Habitualmente suele identificarse al capitalismo con la economía privada. En este artículo utilizamos el concepto más amplio de sociedad capitalista como el resultado de la interrelación entre la economía privada y los Estados, porque históricamente forman parte de una misma realidad social. Son estructuras organizativas diferenciadas, pero con relaciones simbióticas y, al mismo tiempo, conflictivas.
En las formaciones sociales precapitalistas la apropiación del excedente se realizaba mediante formas extraeconómicas utilizando la coacción del poder político, judicial y militar. Unidades productivas y poder político, militar y jurisdiccional estaban integradas en un sistema desconcentrado y jerarquizado. La soberanía solo consistía en señalar al primero en la pirámide jerárquica entre los poderes (Bodín) y era sobre todo soberanía externa: capacidad de firmar tratados, declarar la guerra y hacer la paz. La forma de dominación era en sí misma una forma de producción que condicionaba el escaso desarrollo de las fuerzas productivas y las dificultades en sus mecanismos de distribución. La desigualdad material iba unida a la desigualdad en la situación jurídica de las personas.

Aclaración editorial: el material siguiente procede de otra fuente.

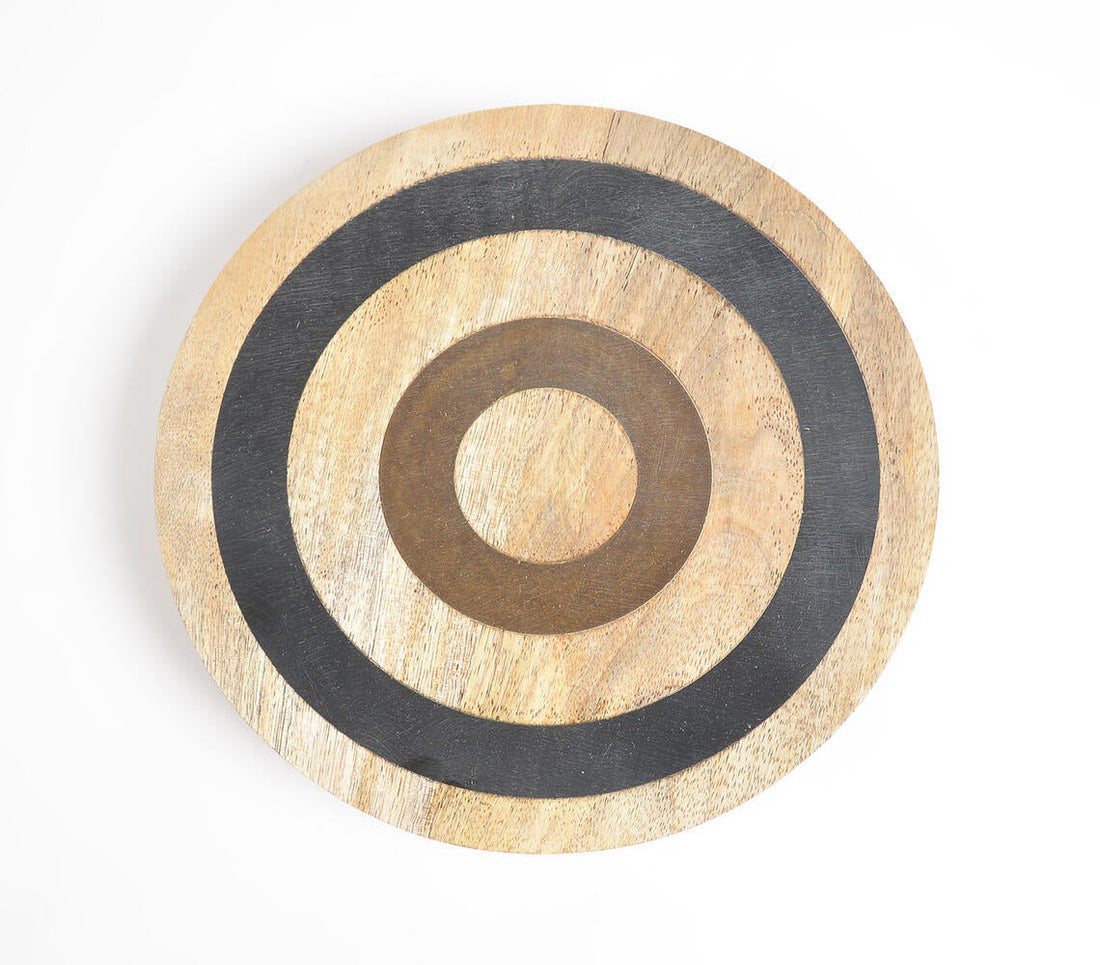 Concentric Circle Painted Wooden Cake Stand-1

El Estado moderno (los poderes públicos), cuyo nacimiento está asociado al nacimiento de la economía privada capitalista, es una institución segregada de la sociedad civil (economía privada e instituciones civiles), que concentra todo el poder que impregnaba el sistema desconcentrado de las relaciones sociales precapitalistas. Así, la sociedad capitalista se caracteriza, frente a las anteriores formaciones sociales, por la separación funcional entre Estado y sociedad civil, aunque interrelacionados en las distintas escalas del territorio político (dentro y fuera de los Estados), conformando un sistema que produce efectos decisivos en las dimensiones económica, política, social y en los ecosistemas biofísicos. Weber ya calificó la conexión entre la economía privada y el Estado moderno, en el nacimiento del capitalismo, como una “alianza memorable”.

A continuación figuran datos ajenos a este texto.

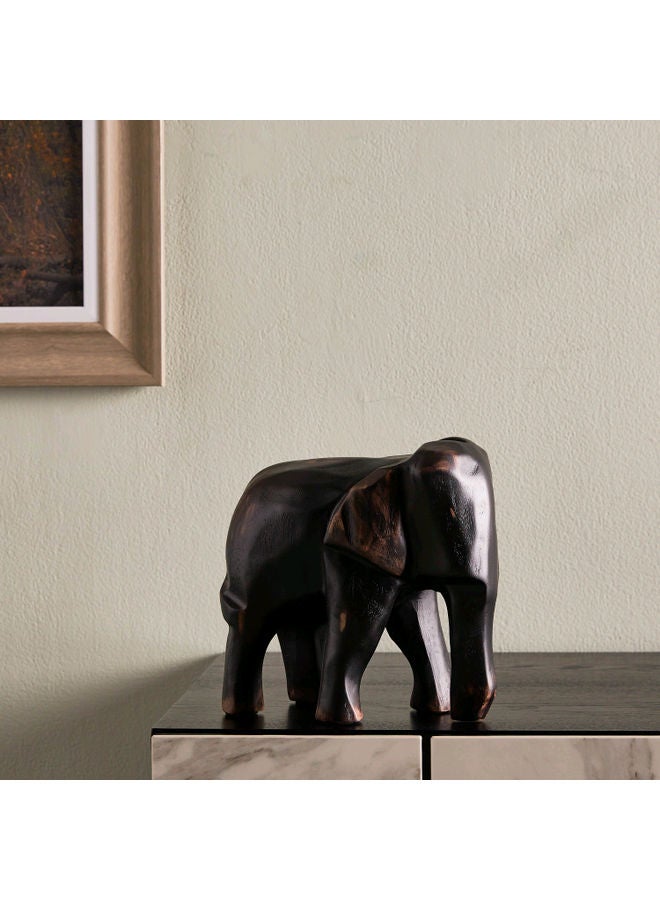 Decorative Elephant Statue Brown/Black 21.5 x 12 x 21.5cm - Image 1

El monopolio del poder político en el Estado es condición necesaria para las relaciones sociales capitalistas, en la que los individuos con ciudadanía se relacionan jurídicamente como ciudadanos libres e iguales. El hecho de que el nuevo Estado absorba y concentre todo el poder político, que antes estaba disperso y que se utilizaba de forma compulsiva para extraer el excedente económico, conduce a la igualdad civil de las personas libres, por lo que la formación del Estado moderno tiene en su raíz el principio de igualdad, mientras que la economía privada se organiza bajo el principio de desigualdad.
La gran excepción es la situación de las mujeres y de los esclavos. Las mujeres seguían sometidas al pater familia, en una relación de dominación y dependencia. Incluso con las leyes napoleónicas, la mujer casada siguió siendo parte de la personalidad jurídica del varón y, por lo mismo, posesión de este, sometidas a la “ley de familia”.
Marx, en la polémica contra Proudhon (1847), resaltaba la importancia que la esclavitud había tenido para la conformación de la sociedad capitalista “Lo mismo que las máquinas, el crédito, etc., la esclavitud directa es la base de la industria burguesa. Sin esclavitud no habría algodón, sin algodón no habría industria moderna. La esclavitud ha dado su valor a las colonias, las colonias han creado el comercio universal, el comercio universal es la condición necesaria de la gran industria. Por lo tanto, la esclavitud es una categoría económica de la más alta importancia.”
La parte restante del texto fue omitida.